Eine Variante der berüchtigten Dridex-Banking-Malware hat Apples macOS-Betriebssystem ins Visier genommen und dabei eine bisher nicht dokumentierte Infektionsmethode angewandt.
Sie hat „eine neue Technik angewandt, um mit bösartigen Makros versehene Dokumente an die Nutzer zu übermitteln, ohne sich als Rechnungen oder andere geschäftsbezogene Dateien auszugeben“, so Trend Micro-Forscher Armando Nathaniel Pedragoza in einem technischen Bericht.
Dridex, auch Bugat und Cridex genannt, ist ein Informationsdieb, der dafür bekannt ist, sensible Daten von infizierten Rechnern abzufangen und bösartige Module auszuliefern und auszuführen. Er wird einer E-Kriminalitätsgruppe namens Evil Corp (auch bekannt als Indrik Spider) zugeschrieben.
Die Malware wird auch als Nachfolger von Gameover Zeus angesehen, der wiederum ein Nachfolger eines anderen Banking-Trojaners namens Zeus ist. Frühere Dridex-Kampagnen, die auf Windows abzielten, nutzten makroaktivierte Microsoft Excel-Dokumente, die über Phishing-E-Mails verschickt wurden, um den Schadcode zu verbreiten.
Im Oktober 2015 wurde das Botnetz durch eine von Europa und den USA organisierte Operation der Strafverfolgungsbehörden zerschlagen und ein moldawischer Staatsbürger namens Andrey Ghinkul wurde wegen seiner Rolle als Administrator der Operation verhaftet. Im Dezember 2018 wurde Ghinkul von einem US-Bundesgericht zu einer Haftstrafe verurteilt, nachdem er im Februar 2016 ausgeliefert worden war.
Im Dezember 2019 verhängte das US-Finanzministerium Sanktionen gegen Evil Corp und setzte ein Kopfgeld in Höhe von 5 Millionen US-Dollar auf die beiden Hauptmitglieder Maksim Yakubets und Igor Turashev aus.
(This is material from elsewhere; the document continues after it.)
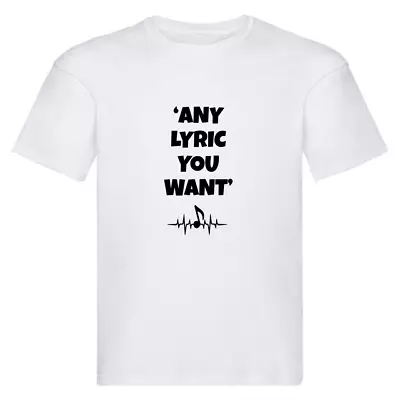 Ace @ Frehley@ KID'S Tshirt Tee Shirt T LYRIC Gift Custom LYRICS • £14.99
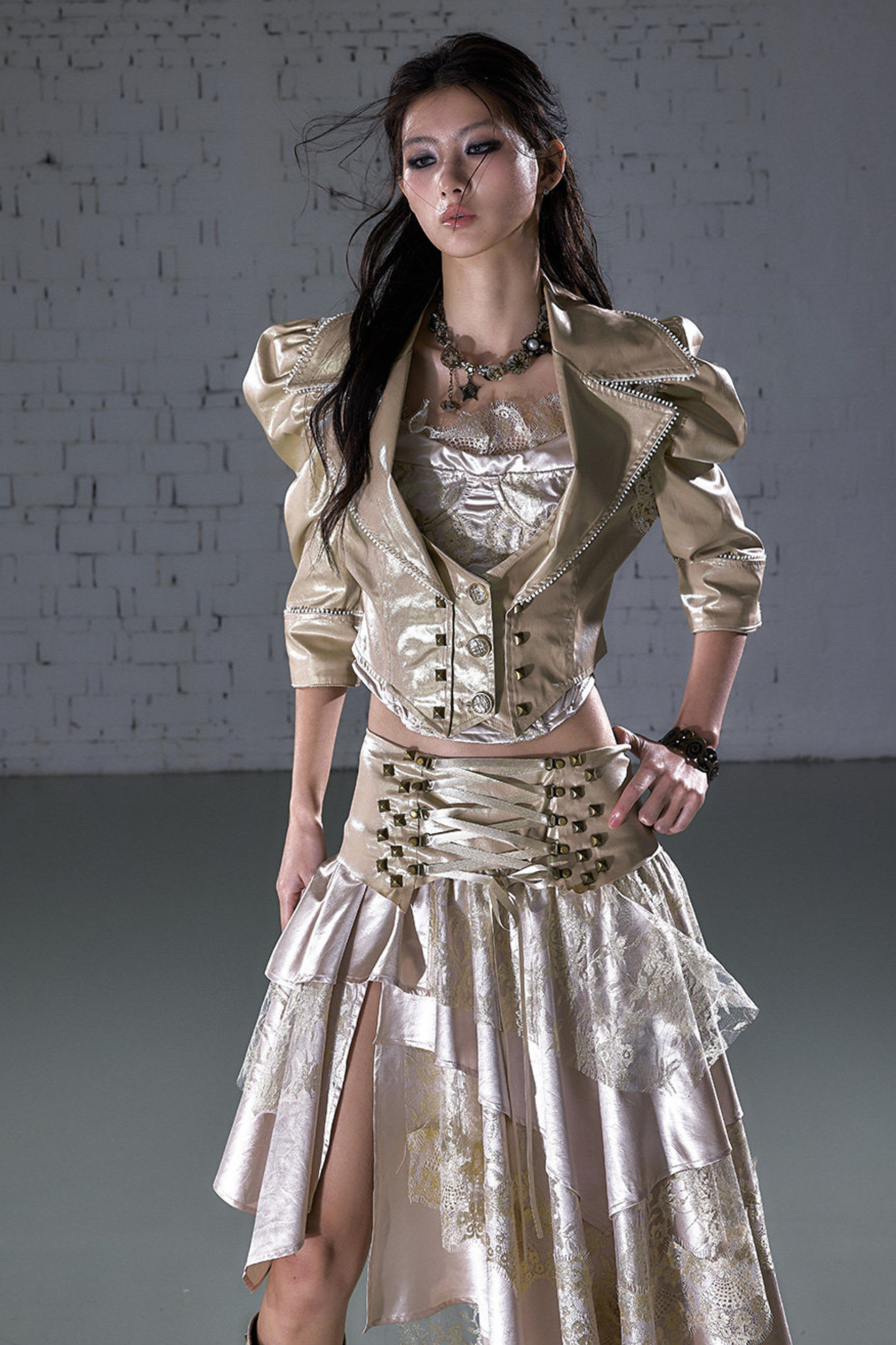 Punk-Night-Lederjacke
Trotz dieser Maßnahmen hat sich Dridex weiterentwickelt und sich als eine widerstandsfähige Bedrohung erwiesen.
Trend Micros Analyse der Dridex-Samples umfasst eine ausführbare Mach-O-Datei, die früheste davon wurde im April 2019 an VirusTotal übermittelt. Seitdem wurden 67 weitere Artefakte in freier Wildbahn entdeckt, einige sogar erst im Dezember 2022.
Das Artefakt enthält ein bösartiges eingebettetes Dokument, das bereits 2015 entdeckt wurde und ein Auto-Open-Makro enthält, das beim Öffnen eines Word-Dokuments automatisch ausgeführt wird.
Darüber hinaus ist das Mach-O-Programm so konzipiert, dass es alle „.doc“-Dateien im aktuellen Benutzerverzeichnis (~/User/{Benutzername}) durchsucht und mit dem bösartigen Makrocode überschreibt, der aus dem eingebetteten Dokument in Form eines Hexadezimal-Dumps kopiert wurde.
„Obwohl die Makrofunktion in Microsoft Word standardmäßig deaktiviert ist, überschreibt die Malware alle Dokumentdateien des aktuellen Benutzers, einschließlich der sauberen Dateien“, erklärt Pedragoza. „Das macht es für den Benutzer schwieriger, festzustellen, ob die Datei bösartig ist, da sie nicht aus einer externen Quelle stammt.“
Die Makros, die in dem überschriebenen Dokument enthalten sind, sind so konstruiert, dass sie einen entfernten Server kontaktieren, um weitere Dateien abzurufen, darunter auch eine ausführbare Windows-Datei, die unter macOS nicht ausgeführt werden kann. Die Binärdatei wiederum versucht, den Dridex-Loader auf den angegriffenen Rechner herunterzuladen.
Obwohl Dokumente, die Makros mit Sprengfallen enthalten, in der Regel über Social-Engineering-Angriffe verbreitet werden, zeigen die Ergebnisse einmal mehr, dass Microsofts Entscheidung, Makros standardmäßig zu blockieren, Bedrohungsakteure dazu veranlasst hat, ihre Taktiken zu verfeinern und effizientere Methoden zum Eindringen zu finden.
„Derzeit sind die Auswirkungen dieser Dridex-Variante auf macOS-Nutzer gering, da die Nutzlast eine EXE-Datei ist (und daher nicht mit macOS-Umgebungen kompatibel ist)“, so Trend Micro. „Sie überschreibt jedoch immer noch Dokumentdateien, die nun die Träger der bösartigen Makros von Dridex sind.